Yes, Beavis and Butt-Head were our choicest music critics of the ‘90s: they laid into gimmicky hair metal acts with barbarous mockery. When they loved something, that work was enshrined in the canon of Immature Rock Dude culture forever. When they sat on the couch and watched Layne Staley in Alice in Chain’s “Man in the Box” they head banged and said the same thing we all did, “this is cool huhuhu, YEAH, IT RULES, IT RULES,” and they’d shut down another act in the same process, “he must’ve seen something so terrible he sewed his eyes shut,” they opined, “yeah, he must have seen that Winger video.” They always got it right, even when they were so wrong.
What it meant then, that they wore their Metallica and AC/DC shirts, means something different now. Those are the music shirts you buy at Walmart now. What was, in your day, a fragment of near-outsider culture, is bound to become the central culture of the next generation. Those shirts hang next to Nirvana ones now. Anyone wearing any of these shirts today, are actually Beavis and Butt-Head, they just don’t know it yet.
And what else has changed? Just so much. Politically, culturally, musically, and this expansion of the B&B mythology, also updated to play nice in a new era of multiversal, time-traveling storytelling, revels in putting its characters in the midst of major social change, and examining them under such a refined microscope. The way the characters are represented has not changed but the comedy beats have, the comedy derived outside their antics is of the moment, socially conscious, and outwardly commentating on our lifetimes of technological and social upheaval. And it’s funny the whole way through.

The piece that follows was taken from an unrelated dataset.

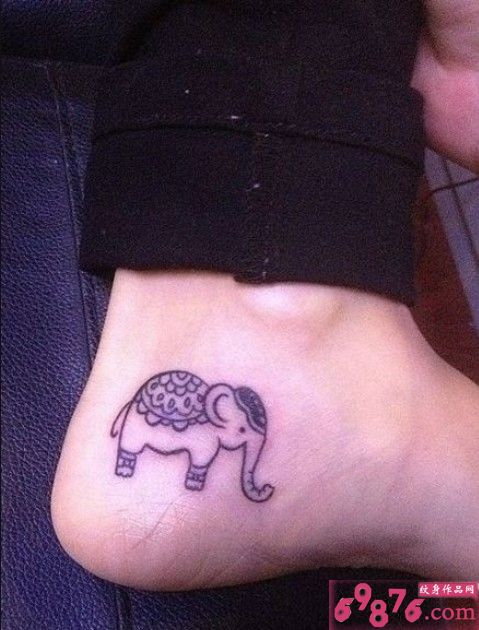 后脚跟可爱小象纹身图片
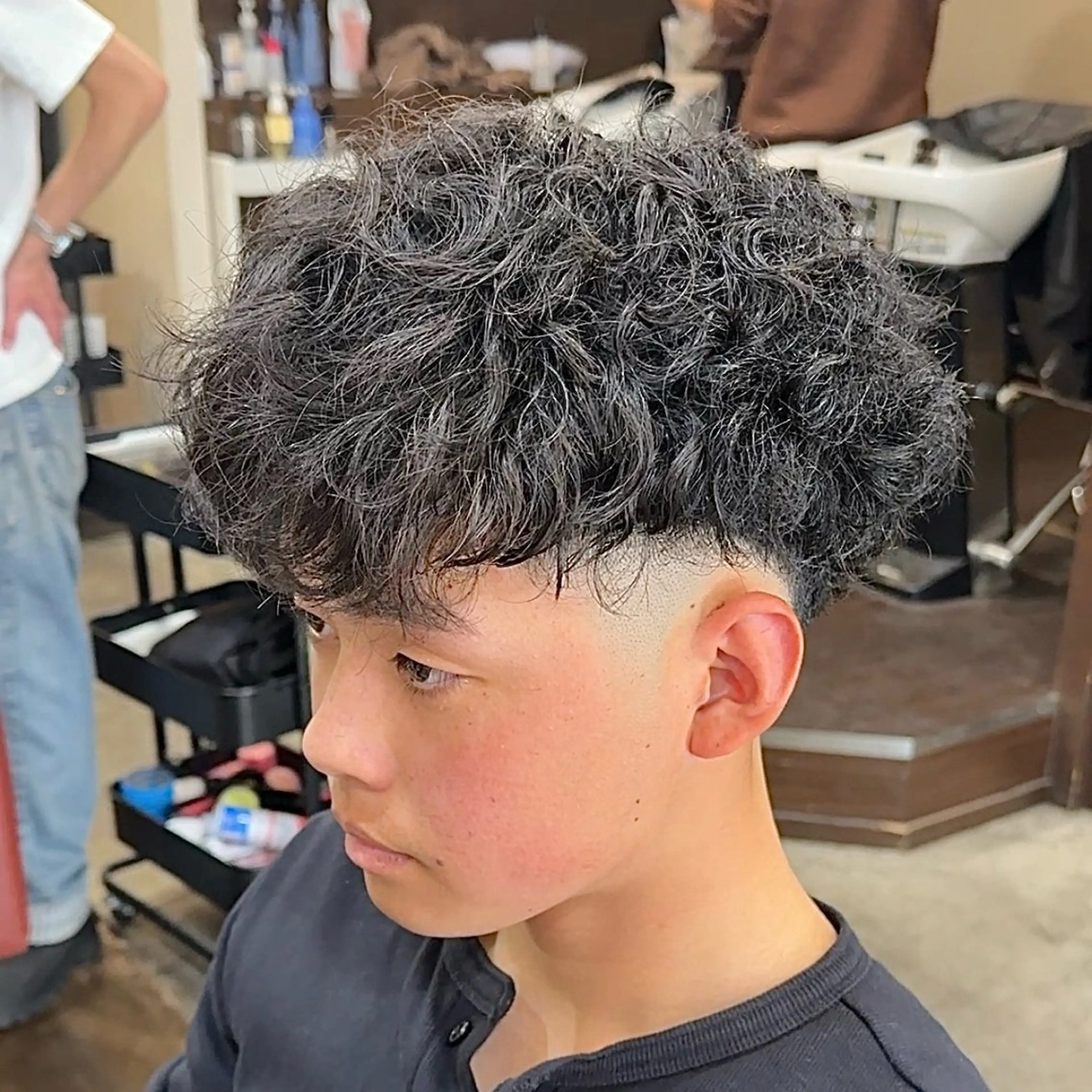 パーマ メンズ フェードカット スペインカール カット パーマ スペインカール/ サーフカール/RYUのヘアスタイル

The boys haven’t been gone since the ‘90s. They came back for an eighth season about ten years ago. And it totally ruled, of course, because Mike Judge has always used this series as the total expression of his personal views and comedy, and it didn’t draw ratings but if you know, you know: it was still awesome and had developed with the times.
And yet here we are again. A big comeback tour. Nicely budgeted and released to streaming where a new audience is possible and weekly releases wouldn’t be the suitable format anymore. It’s so damn funny, and clever, finding the boys poised to go to space in a misadventure where they just want to “score,” and are misinterpreted as at risk youth, who are then flung into the future where they are more correctly interpreted as “privileged white men,” a label they embrace to cause total chaos without a mind for consequences. As the show says, they are sex positive. What they are really saying is something else than what they are saying. It’s not their fault if the people who identify with them, who the show is either sending up or making a total mockery of, can also like the show.
I imagine my Dad every year pulling out his Christmas tree topper, a Beavis angel, the center of the most important day of the year. A force to be reckoned with, a sign of irreverence so near and dear to our hearts than the Beavis angel was our holiday centerpiece. And now, finally, it’s justified, as his character is given room for internal growth and expression beyond his stymied arrested adolescence.
Because Beavis and Butt-head are for everyone. Always have been. But never have they been more for everyone than now. That is worthy of celebration, as we realize that our ‘90s nostalgia is overdue and has arrived fully formed, the MTV generation projected back to us, now with greater sentiment and emotional resonance, heightened for a generation finally ready to receive what these shows always were.